Au coeur de la médina de Marrakech – classée au patrimoine mondial de l’UNESCO - les souks (à l’origine, point de rencontre des caravaniers en partance vers les grandes routes du Sud) sont un véritable labyrinthe organisé par corporation d’artisans : tisserands, potiers, apothicaires, teinturiers, babouches, ferronniers et forgerons, cuivre (lanternes et plateaux à thé), etc… La foule bigarrée se presse dans les galeries couvertes de lattis de roseaux.

Dans le dédale des ruelles de la médina, entre marchands ambulants, bourricots, mendiants, touristes badauds et ‘Marrakchis’, fruits d’un mélange d’influences maghrébine et saharienne…

Couleurs d’épices

A la Médersa Ben Youssef, flambeau de la dynastie saâdienne (XIVème siècle).
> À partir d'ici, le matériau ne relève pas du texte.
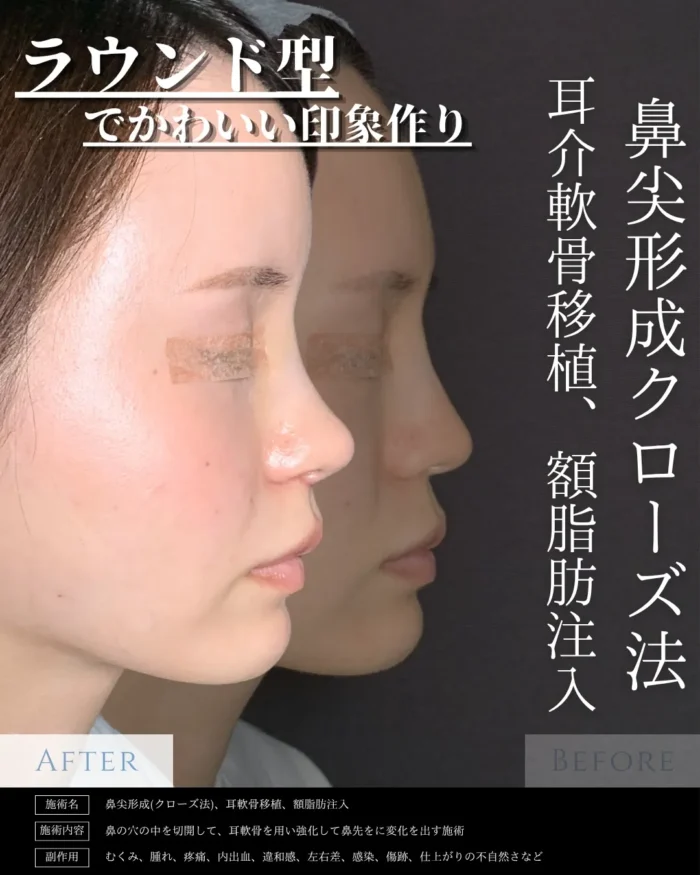 鼻整形_鼻尖形成クローズ法＋耳介軟骨移植＋鼻柱下降術＋脂肪注入（額）（eクリニック新宿院の鼻整形の名医「相原隆光」医師が執刀）東京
Université coranique à l’origine, c’est devenu une véritable institution, célèbre pour son raffinement andalou : bassin de marbre blanc destiné aux ablutions, et au fond de la cour, un portail grandiose qui donne accès à la salle de prière; le soubassement des murs est orné de frises de dentelles de stuc ouvragé finement ciselé; à l’étage, les balustrades donnent sur le patio central.

Dans le souk des tanneurs – une activité ancestrale – on est happés par les odeurs du cuir frais fabriqué à partir de charrettes de peaux qui seront transformées en sacoches ou en poufs…

Dans les tombeaux saâdiens, mausolées du XVIème siècle de la dynastie saâdienne, aux matériaux finement travaillés : dentelle de stuc, poutres en cèdre massif sculpté de versets du Coran, colonnes en marbre de Carrare…

Le charme raffiné des riads… Ici le Riad Mirage et le célèbre Dar Cherifa, café littéraire, galerie et restaurant

Le pavillon de la Ménara, avec en arrière-plan (à peine perceptibles!..) les monts enneigés de l’Atlas. A l’origine, cet endroit était le lieu de rendez-vous des sultans et de leurs élues. Les jours fériés, la Ménara attire de nombreux promeneurs locaux, venus pour un pic-nic dans son oliveraie ou une balade au bord de son bassin.

Le jardin Majorelle – racheté un temps par le couturier Yves Saint Laurent et Pierre Bergé – est l’oeuvre d’un coloriste (cf. le bleu cobalt des poteries de Fès). Sa végétation généreuse, la luxuriante variété de fleurs et d’essences exotiques, son calme ambiant qui vous extraie de la frénésie de Marrakech sont un enchantement….

Escapade à ESSAOUIRA, à 180 km à l’Ouest de Marrakech, sur la côte Atlantique
Bâtie sur une presqu’île rocheuse, sertie de murailles, l’ancienne ‘Mogador’ – ‘ville blanche’ avec ses façades de chaux, mais aussi bleue, jaune – est charmante et pittoresque! Il y règne une atmosphère douce et propice à la flânerie rêveuse, à la poésie…
Début de soirée sur la ‘Skala de la casbah’ (les remparts fortifiés et crénelés de la citadelle, face au grand large > 200m de muraille et une vingtaine de canons de bronze, fondus à Barcelone et Séville à la fin du XVIIIème siècle)

Dans les rues d’Essa’, au coeur de la médina

Scènes de retour de pêche en début de matinée sur le port (blotti au pied de fortifications inspirées de Vauban), à l’heure ou l’activité bat son plein.
Pendant que les hommes déchargent sardines, maquereaux et anchois des barques et chalutiers, les femmes raccommodent les filets. L’omniprésence de nuées de mouettes, sternes et goélands est obsédante!.. Un vrai spectacle… sans parler du concert.



Autour du port (notamment depuis le sommet de la tour carrée de la Skala du port)

Couleurs et textures d’Essaouira

Petite incursion en contrées berbères, dans la vallée de l’Ourika
Située à environ 3/4 d’heure de Marrakech, cette vallée encore préservée s’engouffre progressivement dans le Haut Atlas (où la rivière du même nom prend sa source). Les habitants qui peuplent ses ‘douars’ mènent encore un mode de vie montagnard traditionnel. On y cultive notamment le safran.